▶ **Exercise prompt**
Retype the line where "Telegram channel E D G E logo" appears and each line that follows it down to the last line of the records below. Leave the pictures out.

[Stored data entries]
-----

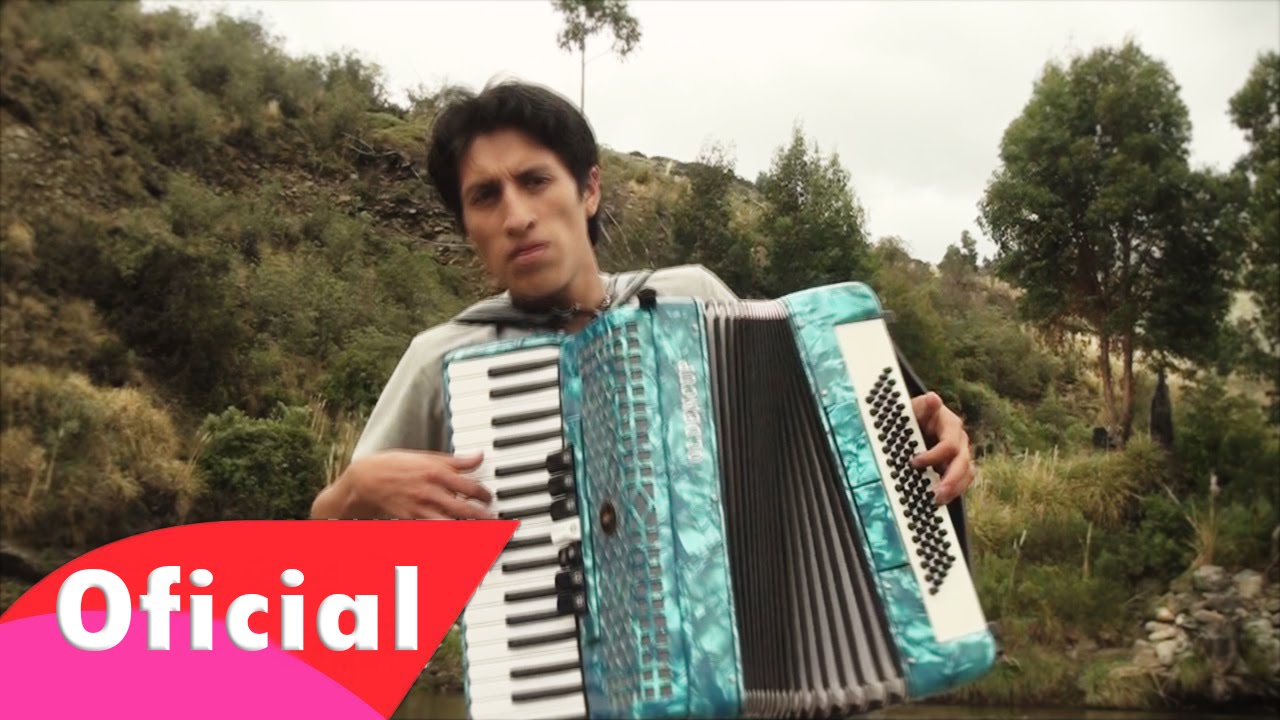 FENOMENAL DEL RITMO Ñuka Ñaupa Kawsay 2014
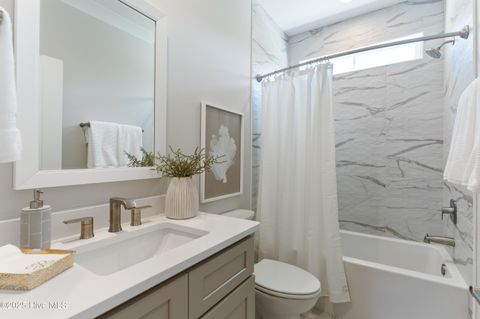 Tiny photo for 706 Orly Lane #(Lot 29), Wilmington, NC 28412 (MLS # 100547015)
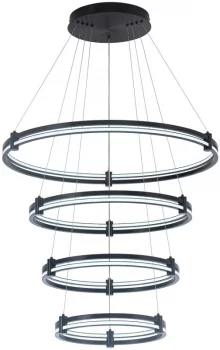 Каскадная люстра Tooring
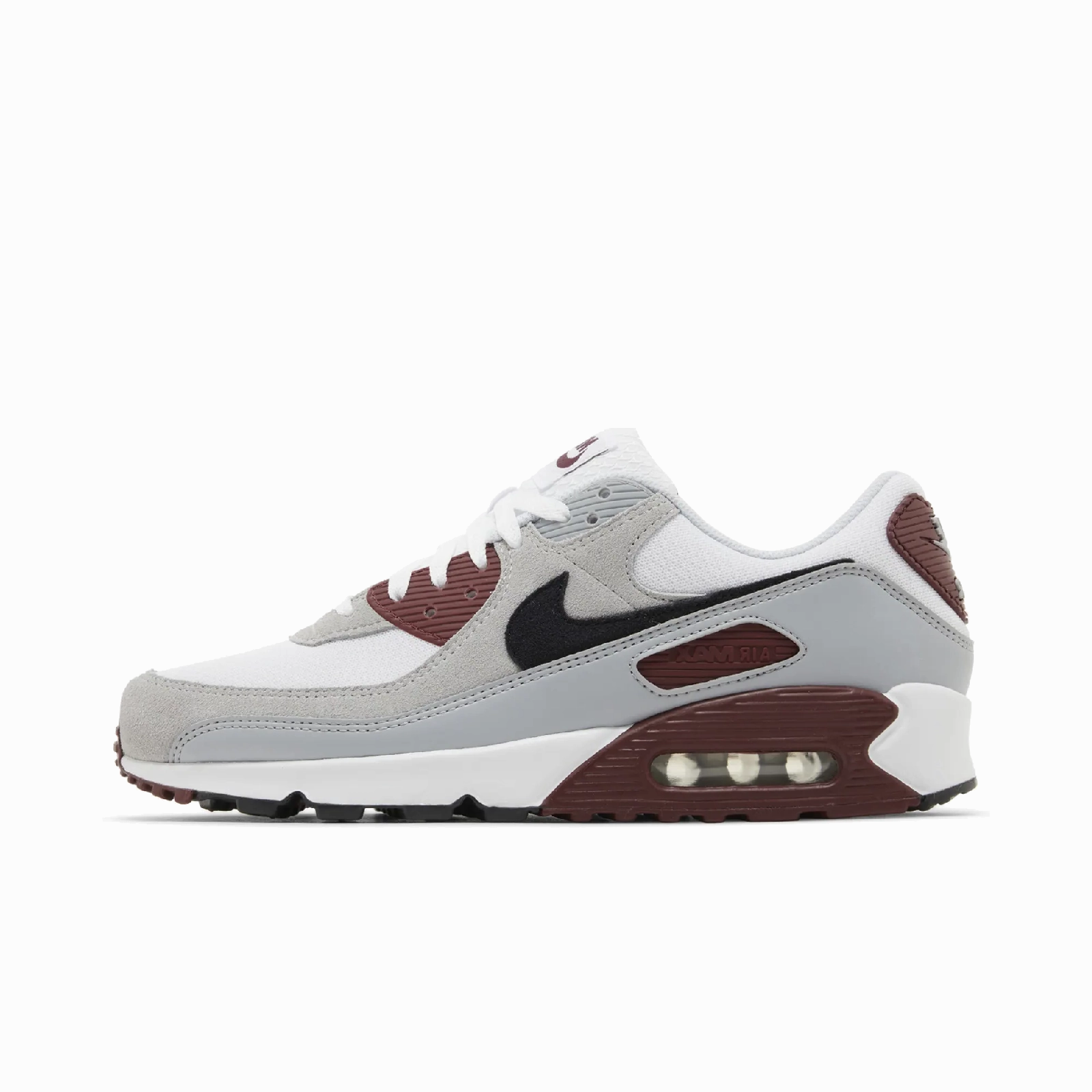 Nike Air Max 90 Dark Team Red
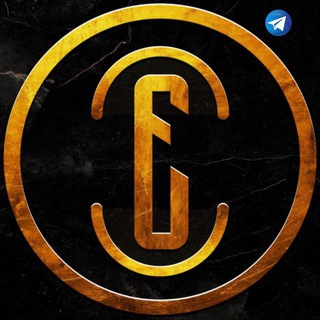 Telegram channel E D G E logo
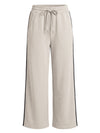NÜ CAMILLE Bukser Bukser 127 Beige mix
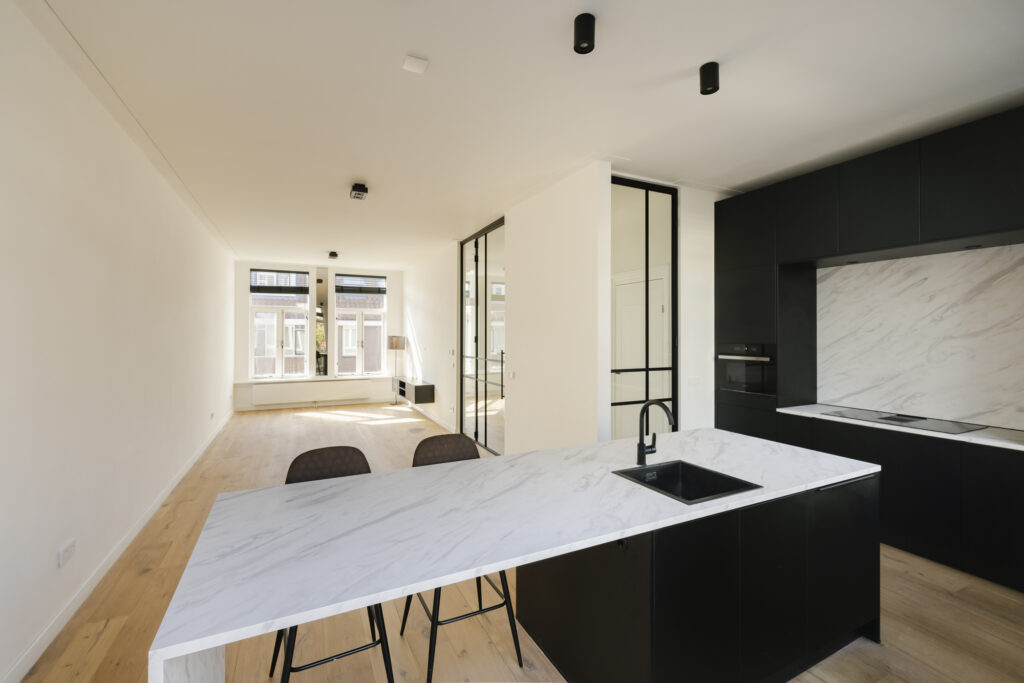 Wouwermanstraat 29RD, Haarlem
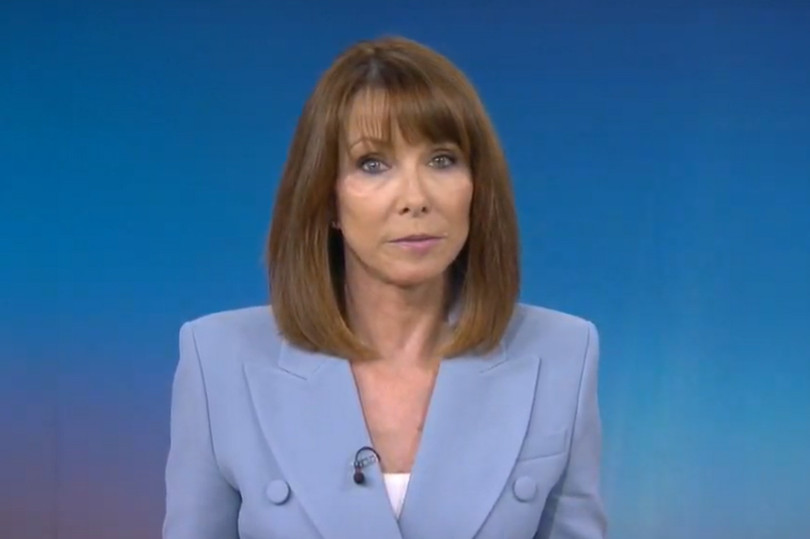 Kay Burley Retires from Sky News After 36 Years: A Legacy of Hard-Hitting Interviews and Unforgettable Moments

-----

▶ **Response area**
 Telegram channel E D G E logo
NÜ CAMILLE Bukser Bukser 127 Beige mix
 Wouwermanstraat 29RD, Haarlem
 Kay Burley Retires from Sky News After 36 Years: A Legacy of Hard-Hitting Interviews and Unforgettable Moments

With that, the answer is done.